Segment Start: DATA RECORDS

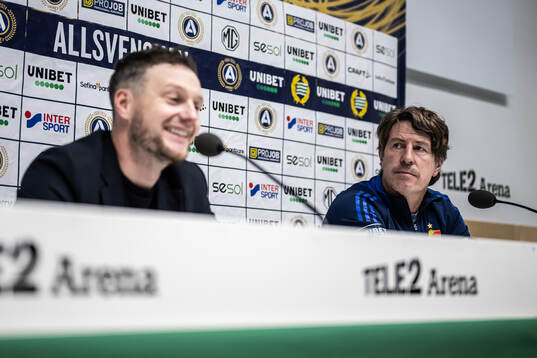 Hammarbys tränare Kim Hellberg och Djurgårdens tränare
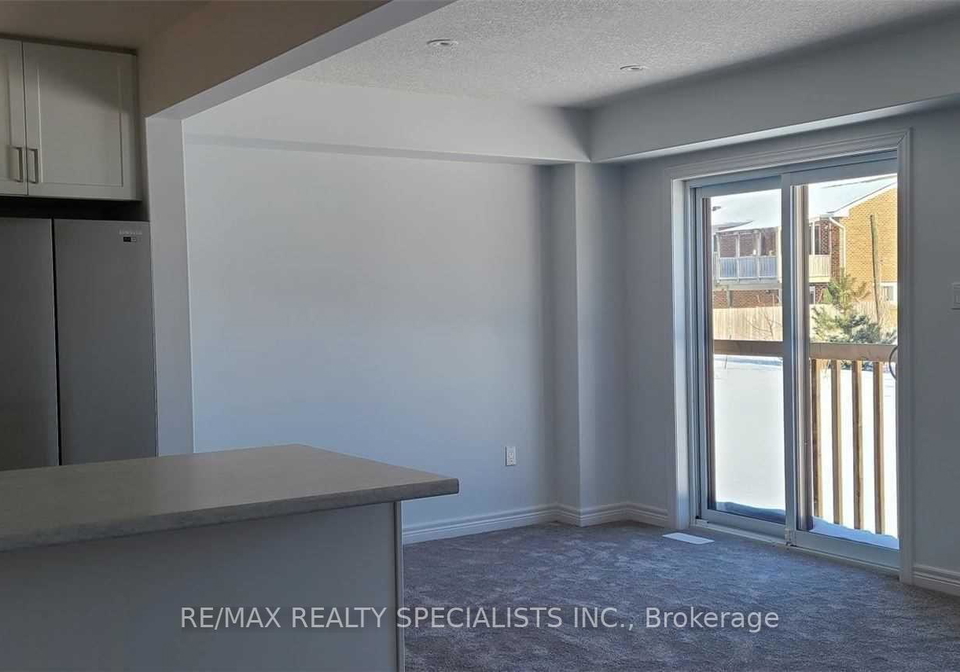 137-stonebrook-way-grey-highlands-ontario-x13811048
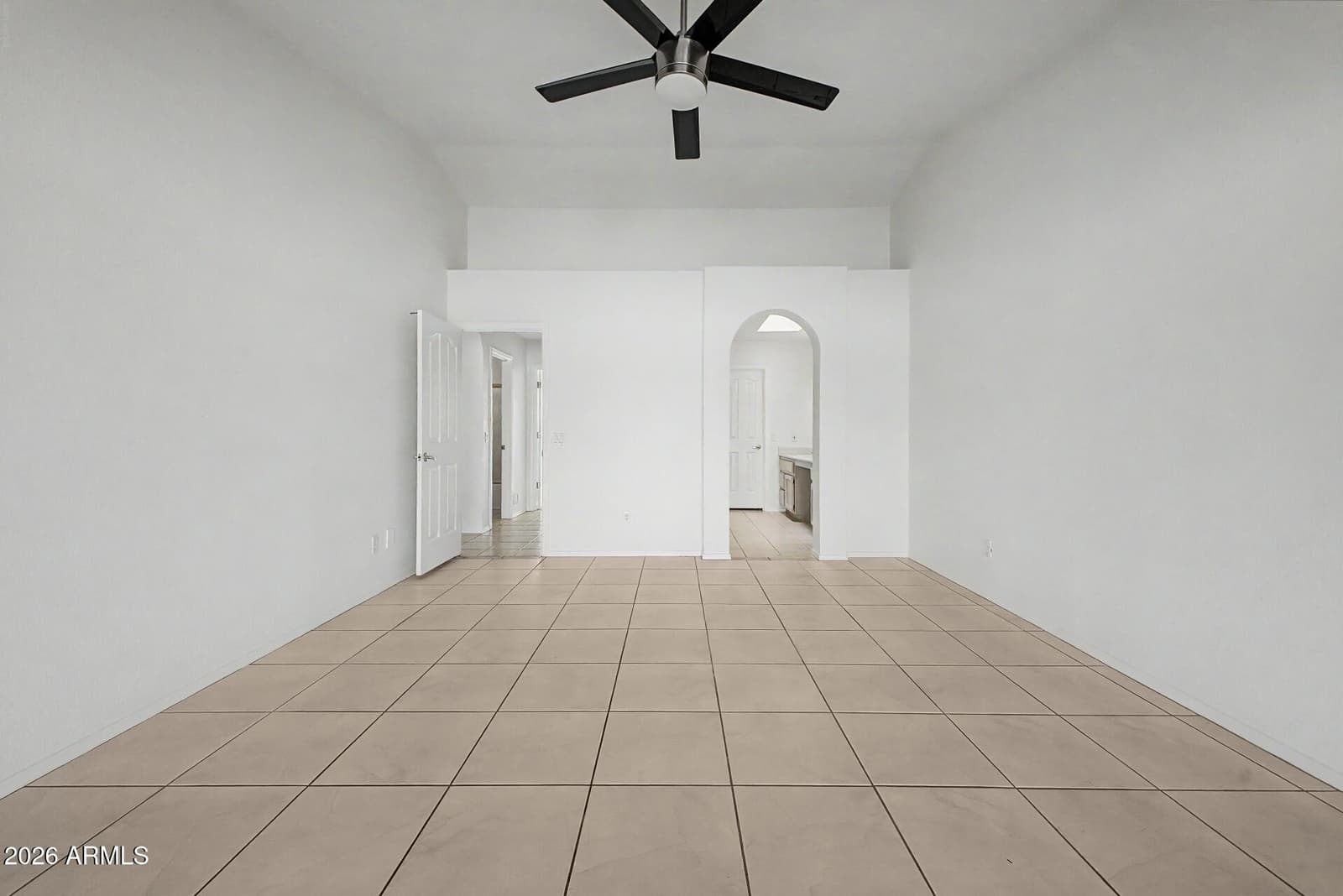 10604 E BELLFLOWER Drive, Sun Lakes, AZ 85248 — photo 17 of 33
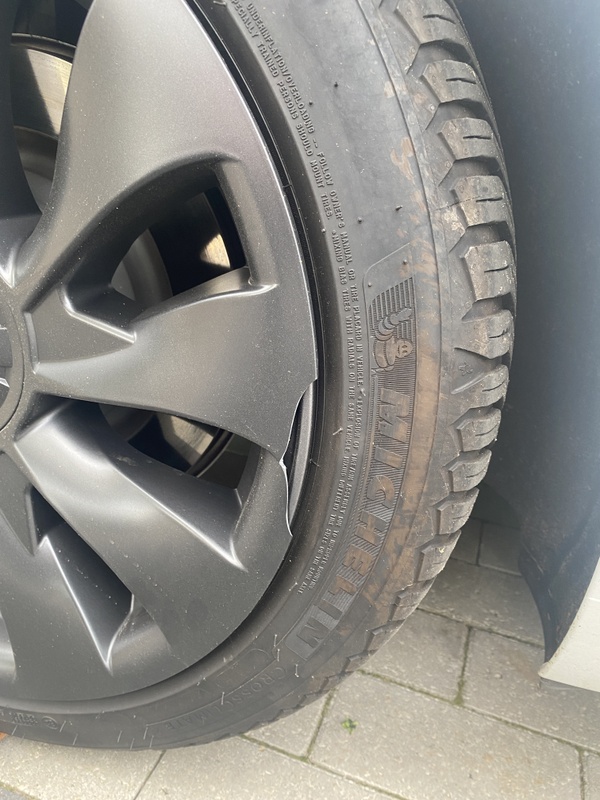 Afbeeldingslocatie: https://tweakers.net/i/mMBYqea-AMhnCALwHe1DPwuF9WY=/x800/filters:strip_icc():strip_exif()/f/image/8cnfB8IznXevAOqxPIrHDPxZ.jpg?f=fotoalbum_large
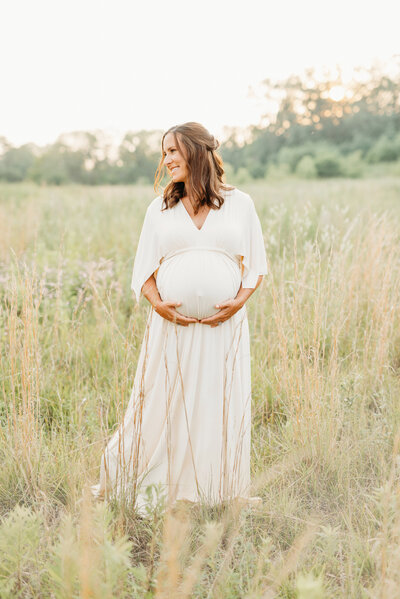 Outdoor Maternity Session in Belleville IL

Segment End: DATA RECORDS

Without altering anything, output all the lines above but none of the images.

 Hammarbys tränare Kim Hellberg och Djurgårdens tränare
 137-stonebrook-way-grey-highlands-ontario-x13811048
 10604 E BELLFLOWER Drive, Sun Lakes, AZ 85248 — photo 17 of 33
 Afbeeldingslocatie: https://tweakers.net/i/mMBYqea-AMhnCALwHe1DPwuF9WY=/x800/filters:strip_icc():strip_exif()/f/image/8cnfB8IznXevAOqxPIrHDPxZ.jpg?f=fotoalbum_large
 Outdoor Maternity Session in Belleville IL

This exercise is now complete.